Activity — When you copy from the entries that follow, take only the lines from the one with "Finally, if the" down to the one with "And since I", keeping both ends and dropping every picture.

Material supplied —
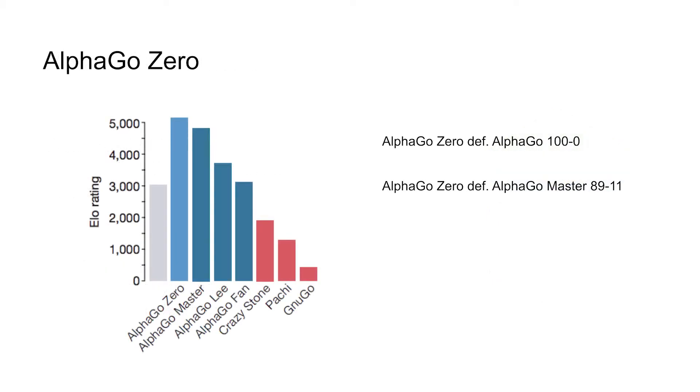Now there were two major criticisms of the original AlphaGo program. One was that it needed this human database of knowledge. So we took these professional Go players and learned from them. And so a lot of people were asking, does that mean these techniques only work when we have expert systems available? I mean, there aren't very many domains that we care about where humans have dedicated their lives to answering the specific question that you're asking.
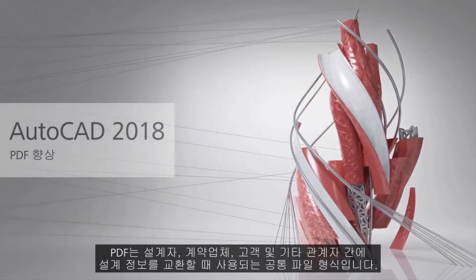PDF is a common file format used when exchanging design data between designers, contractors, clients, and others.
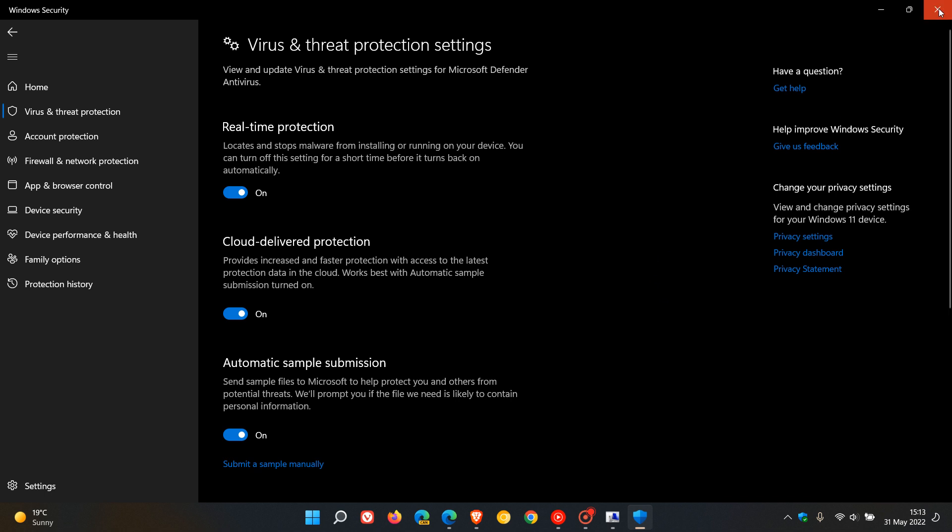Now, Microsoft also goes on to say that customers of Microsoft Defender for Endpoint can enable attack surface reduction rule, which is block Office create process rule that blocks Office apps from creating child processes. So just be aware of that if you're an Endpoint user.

--

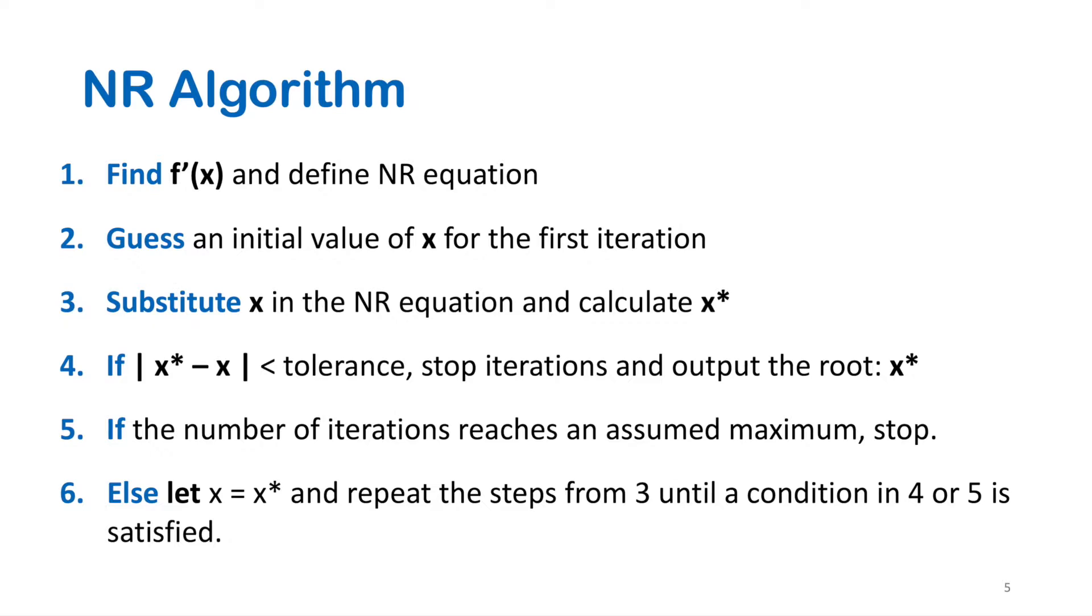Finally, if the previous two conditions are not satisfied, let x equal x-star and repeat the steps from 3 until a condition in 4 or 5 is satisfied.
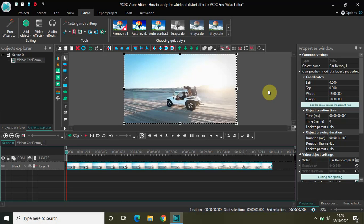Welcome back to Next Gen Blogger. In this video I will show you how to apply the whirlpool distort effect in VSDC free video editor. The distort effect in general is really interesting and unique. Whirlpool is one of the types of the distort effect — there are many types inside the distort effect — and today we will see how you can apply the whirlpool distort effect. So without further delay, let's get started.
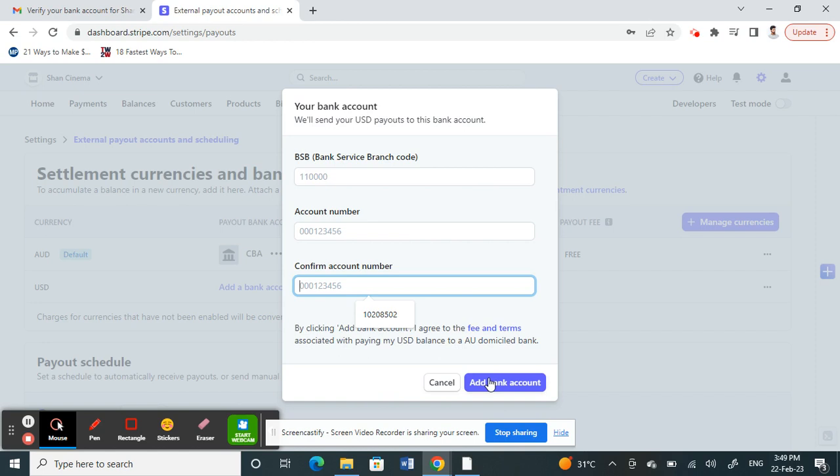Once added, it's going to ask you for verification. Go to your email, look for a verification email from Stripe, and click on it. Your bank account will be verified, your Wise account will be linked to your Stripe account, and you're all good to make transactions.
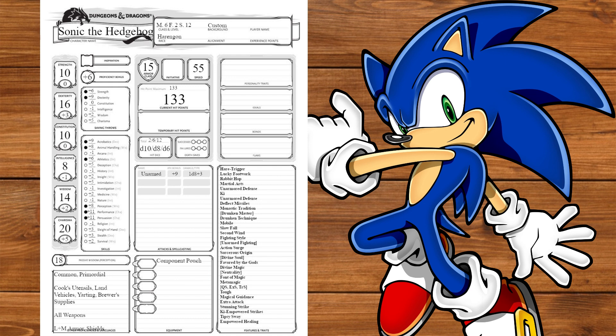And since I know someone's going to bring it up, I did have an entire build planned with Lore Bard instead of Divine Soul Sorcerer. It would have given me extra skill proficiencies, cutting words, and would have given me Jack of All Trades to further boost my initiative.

Your solution —
Finally, if the previous two conditions are not satisfied, let x equal x-star and repeat the steps from 3 until a condition in 4 or 5 is satisfied.
Welcome back to Next Gen Blogger. In this video I will show you how to apply the whirlpool distort effect in VSDC free video editor. The distort effect in general is really interesting and unique. Whirlpool is one of the types of the distort effect — there are many types inside the distort effect — and today we will see how you can apply the whirlpool distort effect. So without further delay, let's get started.
Once added, it's going to ask you for verification. Go to your email, look for a verification email from Stripe, and click on it. Your bank account will be verified, your Wise account will be linked to your Stripe account, and you're all good to make transactions.
And since I know someone's going to bring it up, I did have an entire build planned with Lore Bard instead of Divine Soul Sorcerer. It would have given me extra skill proficiencies, cutting words, and would have given me Jack of All Trades to further boost my initiative.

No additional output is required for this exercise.